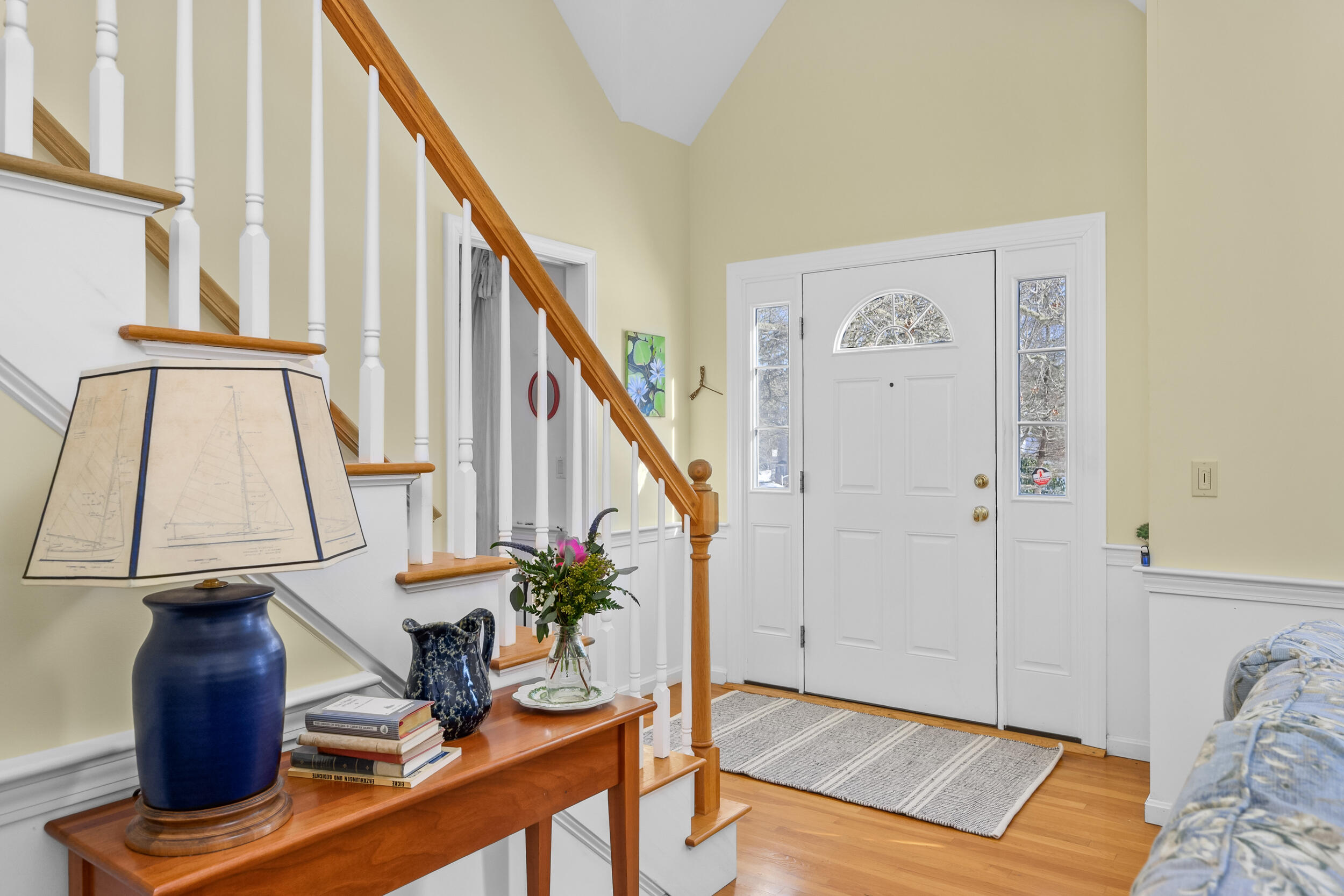 39 Jedidiah Way Chatham, MA 02633 - Photo 8 of 47 a view of an entryway with wooden floor and stairs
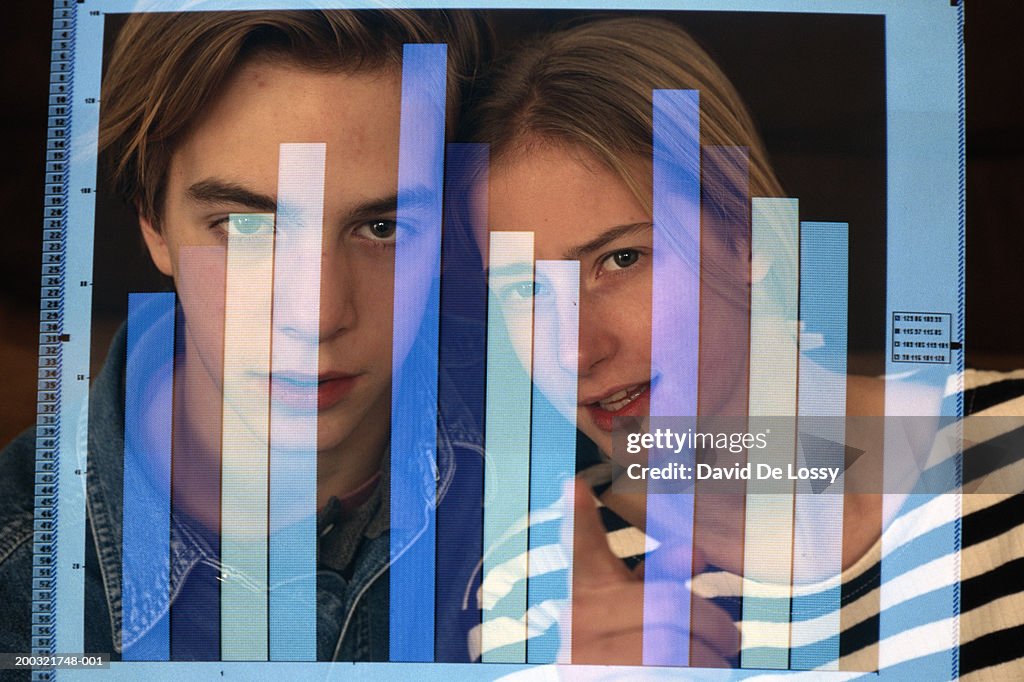 Teenage girl and boy (16-17) looking at bar graph in computer screen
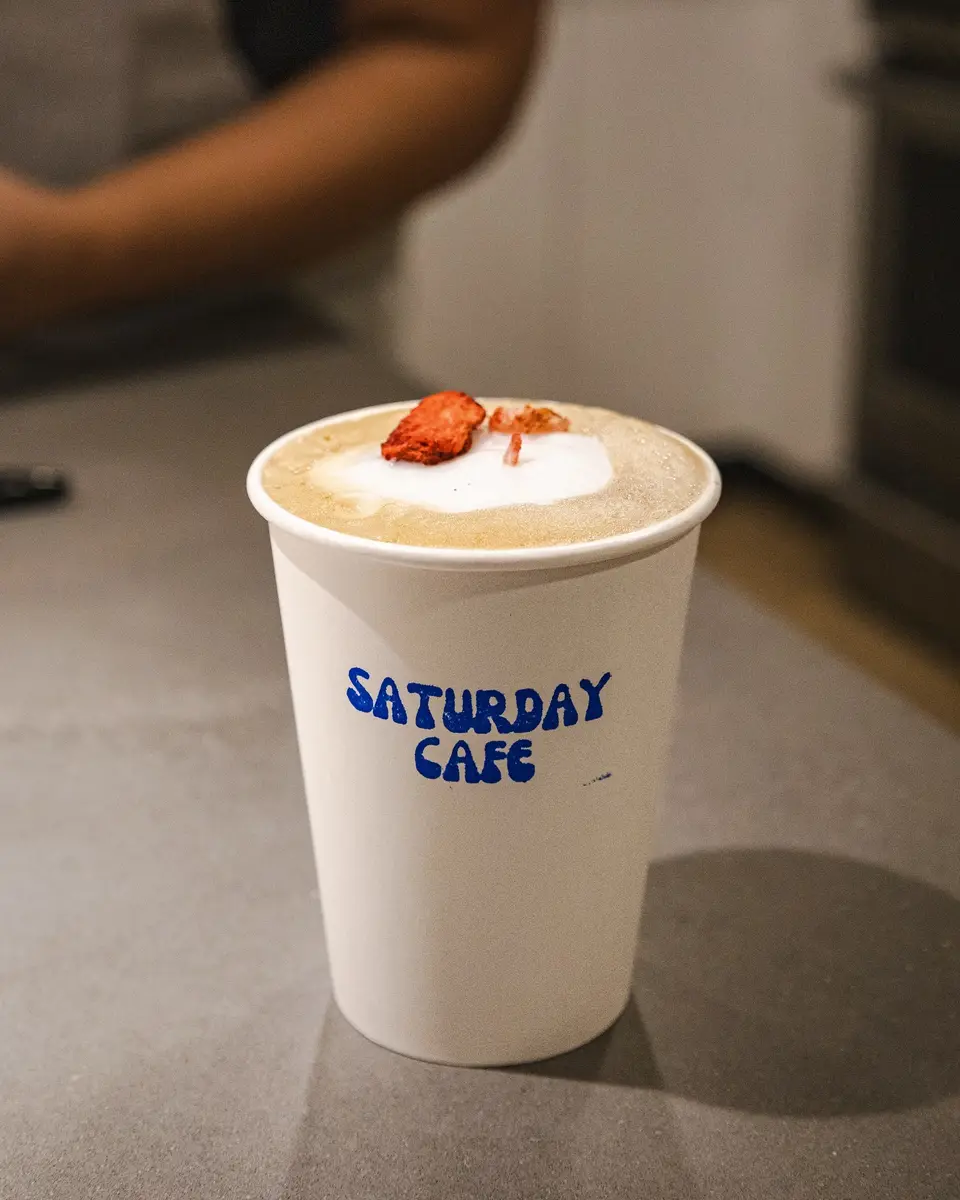 A Saturday Cafe branded mug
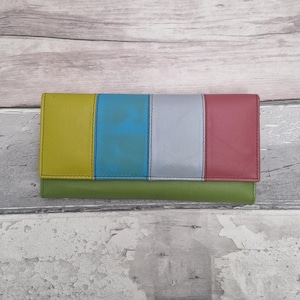 May include: A rectangular wallet featuring a horizontal base in olive green and a flap divided into four vertical panels of mustard yellow, bright blue, light grey, and muted red. The wallet has visible stitching along the edges of each colour block.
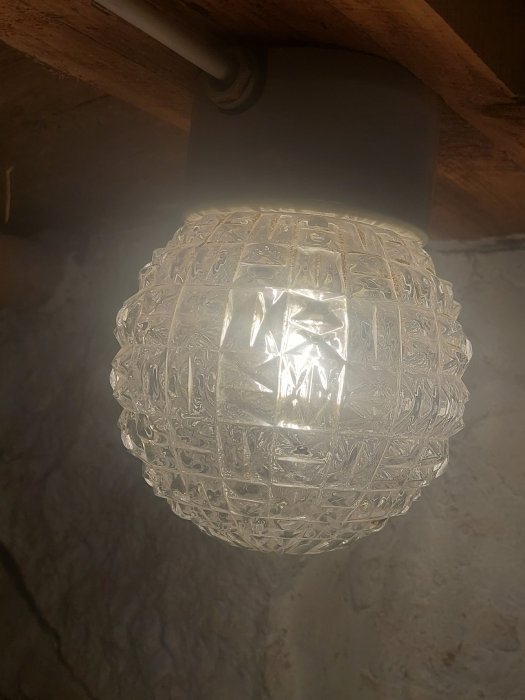Klar mönstrad lampglob hängande under ett träbjälke.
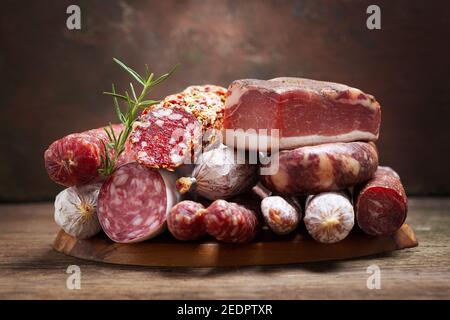 Vari tipi di salame, speck e salsicce su tavola di legno Foto Stock
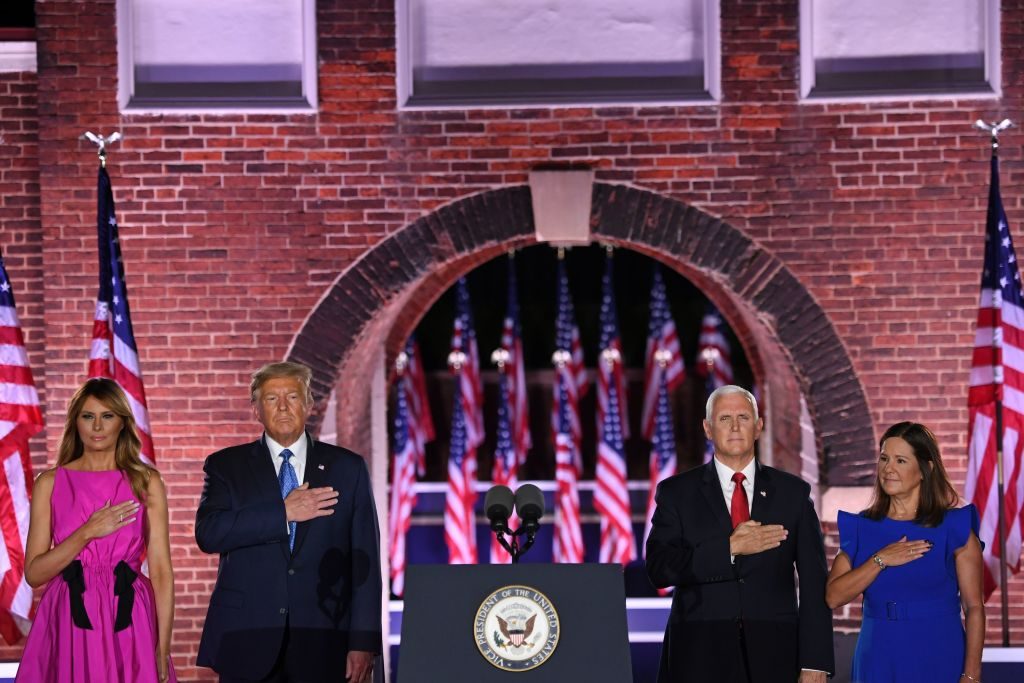 (From L) US First Lady Melania Trump, US President Donald Trump, US Vice President Mike Pence and Second Lady Karen Pence listen to the US National Anthem, "the Star-Spangled Banner", during the third night of the Republican National Convention at Fort McHenry National Monument in Baltimore, Maryland, August 26, 2020. (Photo by SAUL LOEB / AFP) (Photo by SAUL LOEB/AFP via Getty Images)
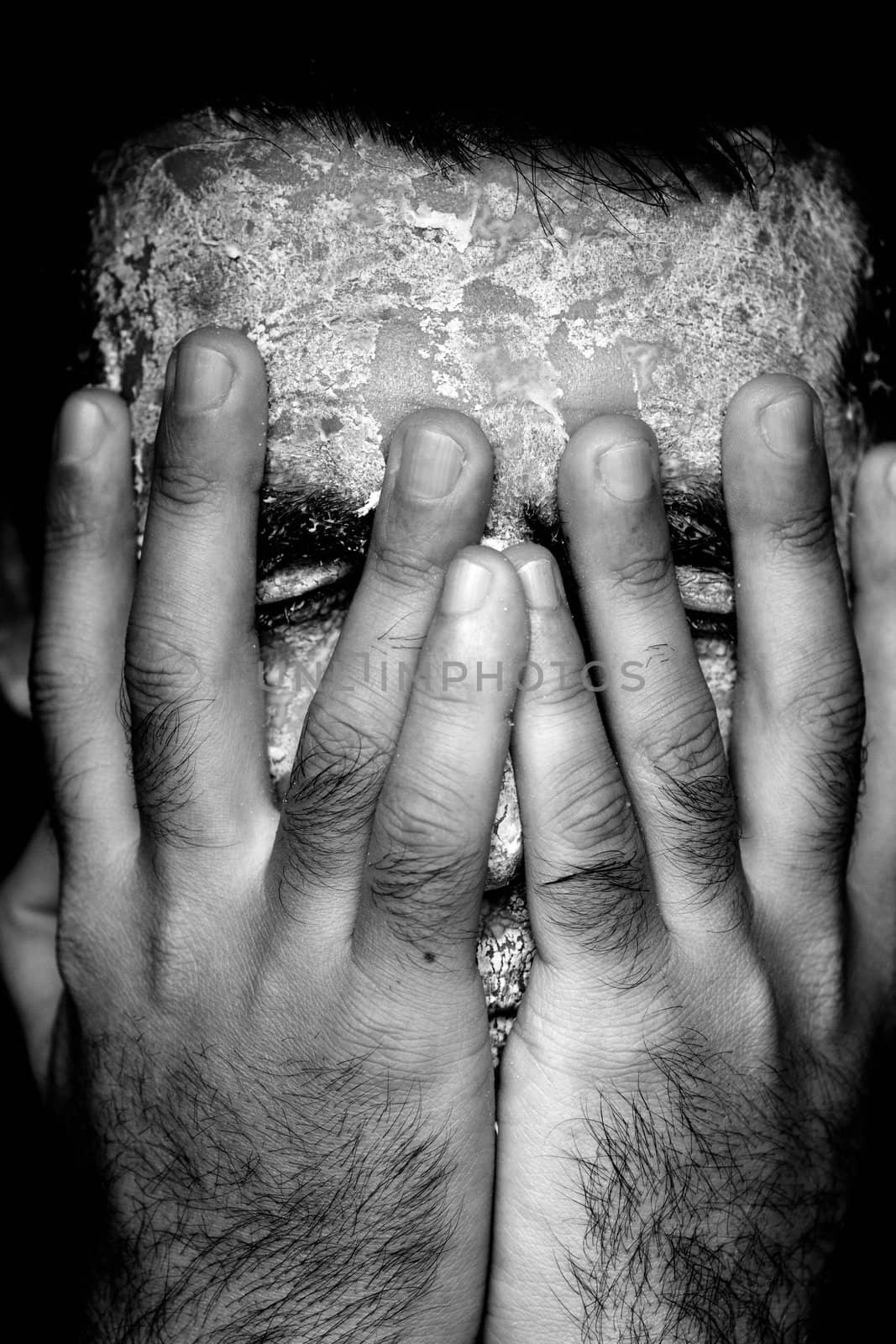 Close up view of a man's hands removing the mask from the face.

---*---

◆ Activity ◆
Each line of the data must be restated exactly, and the pictures must be left out.

◆ Answer for the task ◆
 39 Jedidiah Way Chatham, MA 02633 - Photo 8 of 47 a view of an entryway with wooden floor and stairs
 Teenage girl and boy (16-17) looking at bar graph in computer screen
 A Saturday Cafe branded mug
 May include: A rectangular wallet featuring a horizontal base in olive green and a flap divided into four vertical panels of mustard yellow, bright blue, light grey, and muted red. The wallet has visible stitching along the edges of each colour block.
Klar mönstrad lampglob hängande under ett träbjälke.
 Vari tipi di salame, speck e salsicce su tavola di legno Foto Stock
 (From L) US First Lady Melania Trump, US President Donald Trump, US Vice President Mike Pence and Second Lady Karen Pence listen to the US National Anthem, "the Star-Spangled Banner", during the third night of the Republican National Convention at Fort McHenry National Monument in Baltimore, Maryland, August 26, 2020. (Photo by SAUL LOEB / AFP) (Photo by SAUL LOEB/AFP via Getty Images)
 Close up view of a man's hands removing the mask from the face.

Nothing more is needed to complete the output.